Can everyone be saved?
A king has captured 100 thieves who were attempting to steal his crown jewels. However, he also admires their ability to almost pass through security. He decides to challenge them.
He lines up the thieves into a straight line and puts either a red or blue hat on them. The thieves can only see the colours of the hats in front of them. (e.g. Thief 1 can see everyone else's hats, Thief 2 can see everyone hats except for himself and Prisoner 1, etc.). Once lined up, they must not communicate amongst themselves. Nor may they attempt to look behind them or remove their own hat. The thieves will be able to hear the answers from all those behind them.

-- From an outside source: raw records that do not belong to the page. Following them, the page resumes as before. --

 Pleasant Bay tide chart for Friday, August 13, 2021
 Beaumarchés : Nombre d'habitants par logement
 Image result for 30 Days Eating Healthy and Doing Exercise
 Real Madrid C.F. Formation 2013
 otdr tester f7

The king starts with the first thief (who is at the back of the line) and asks, "What color is your hat?". The thief is only allowed to answer 'red' or 'blue,' nothing more. If the answer is incorrect then the thief will be silently killed. If the answer is correct then the thief may live but must remain absolutely silent.
The king then moves on to the next thief and repeats the question.

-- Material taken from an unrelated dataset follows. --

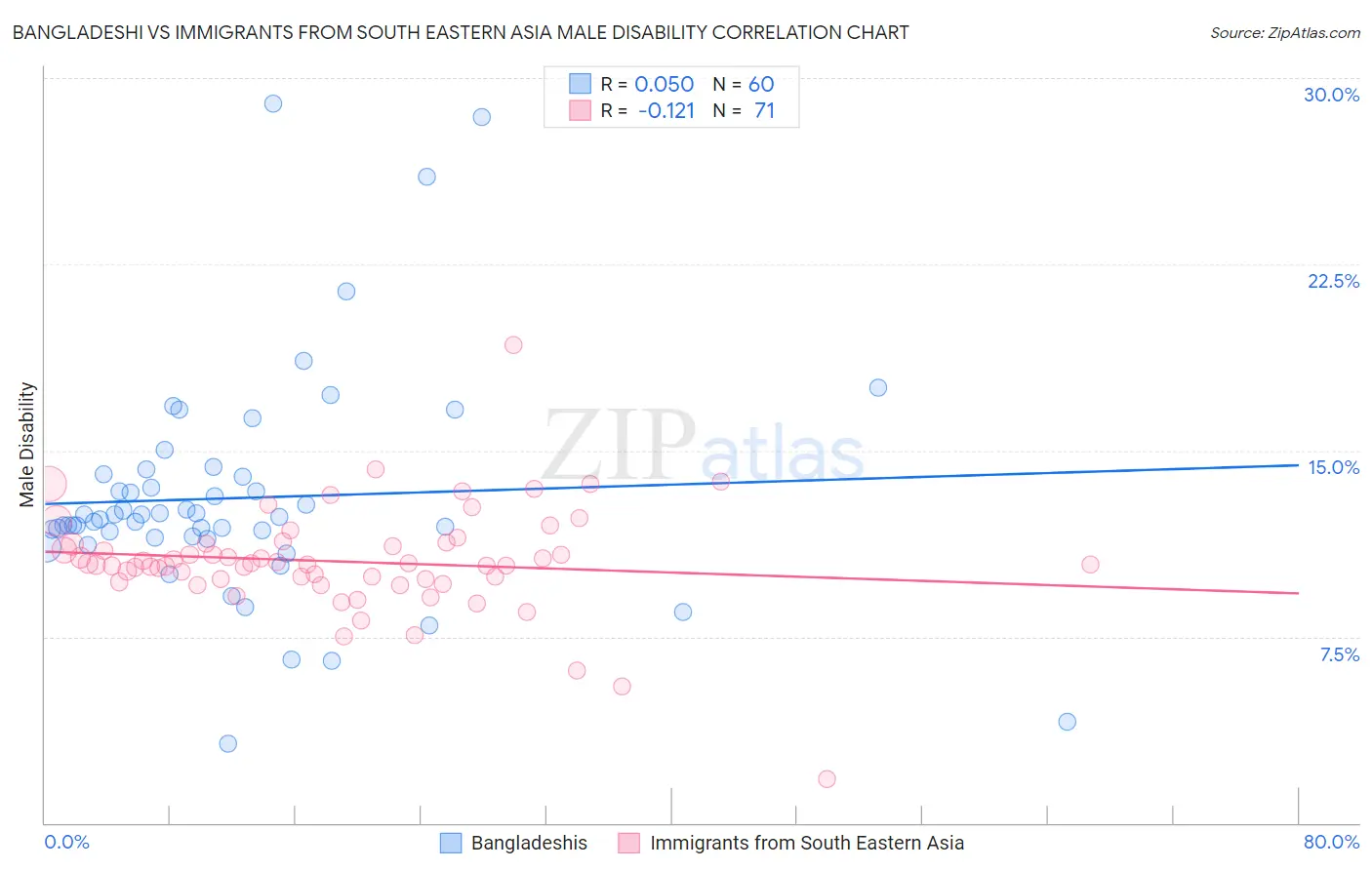 Bangladeshi vs Immigrants from South Eastern Asia Male Disability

The king makes it clear that if anyone breaks the rules then all the thieves will die, then allows the thieves to consult before lining them up. The king listens in while the thieves consult each other to make sure they don't devise a plan to cheat. To communicate anything more than their guess of red or blue by coughing or shuffling would be breaking the rules.
What is the maximum number of thieves that can be guaranteed to be saved?